Tuesday, August 27, 2002

Interview with Myself

For RHET 3316

1. In your family or among your friends, whom do you consider to be the most influential person in your life? Why?

The person who has had the most profound effect on my outlook would have to be the boy, Wylie Allman Greer. He has taught me more about patience, respect, and how to deal with other people than anything else I have done. He has shown me a picture of God’s love for us. He amazes me with his capacity for learning and his natural sense of compassion.

2. What is the best advice that you ever received? How did it change your life?

I read in one of my wife’s magazines last week, “If you can’t fix it, forget it.” I thought this to be something I could really use, but I have not put it in to practice enough yet for it to make any difference. The problem that I am going to have is that I will stress myself out trying to prove that there is some way I can fix it.

3. What type of music, movies, or other entertainment do you like best? Who are your favorite performers and why?

I tend to prefer performances where the artists are allowed room to improvise and/or the piece is captured live. This is true for all of the performing arts. I like Jazz, Bluegrass, and Improvisational rock (My son’s middle name is Allman). My favorite movie makers are The Cohen Brothers and David Mammet.

4. If you could have dinner with any three persons, living or dead, who would they be? Why would these be your choices?

It would be impossible to pick just three and it is a lot more fun to make up several dinner parties of people whose conversations you would like to eavesdrop on. I would cook the food and keep the wineglasses full and stand in a corner and listen.
Calvin Coolidge, C.S. Lewis, and William F. Buckley.
Condoleezza Rice, Germaine Greer, and Sojourner Truth.
P.J. O’Rourke, Christopher Buckley, and Dennis Miller.
John Calvin, Billy Graham, and the Apostle Paul.

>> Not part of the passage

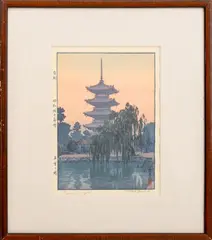 Pagoda in Kyoto by Tōshi Yoshida, 1937, Woodblock Print in Colors, sold Mar 2025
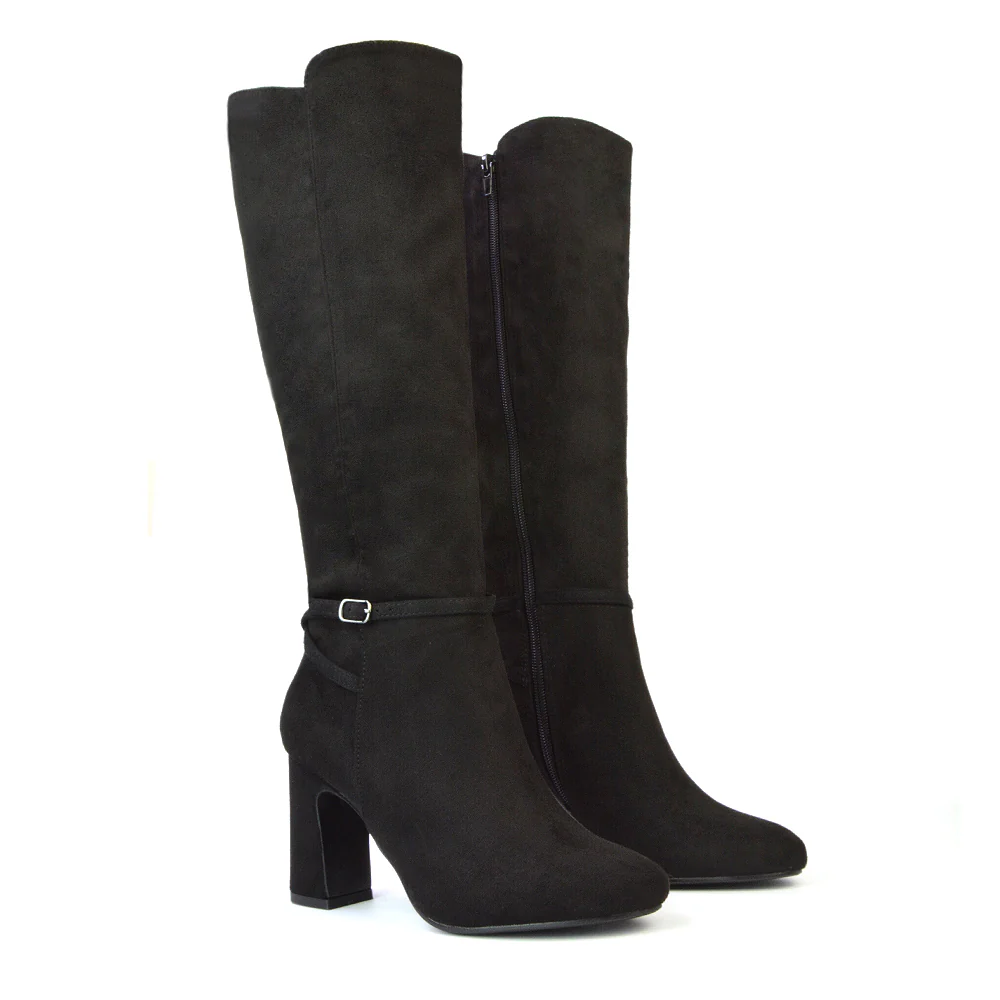 Olly Buckle Zip Up Block Mid Heel Knee High Boots in Tan Faux Suede - Image 75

5. Realistically, what do you think that you’ll be doing – or what would you like to be doing – ten years from now?

I see myself freelance writing for webzines and periodicals from an office in my house. Perhaps I could publish a book here and there. My sweet wife will be running a successful decorating business from an office in our house. I would like another kid or two running around trying to distract us from working. In a dream world I would also have a recording studio in my back yard where I could hang out with my buddy Dan in the evenings and a shack on a river somewhere where my family could spend the weekends.

6. What is the one thing that you would like to change about yourself? Why?

I wish I could go back and talk to myself when I was about fifteen. First I would convince myself to get a GED and go to college as soon as possible. Then I would tell myself what I want to major in and what I enjoy doing in life, because this took me ten years of floundering to figure out. Basically I would cut out all of the wasted time and ensure that I would not find myself with a family and a mortgage, locked into a job that ruins my day and having to both go to school and work full time. Do I have any regrets? Damn right.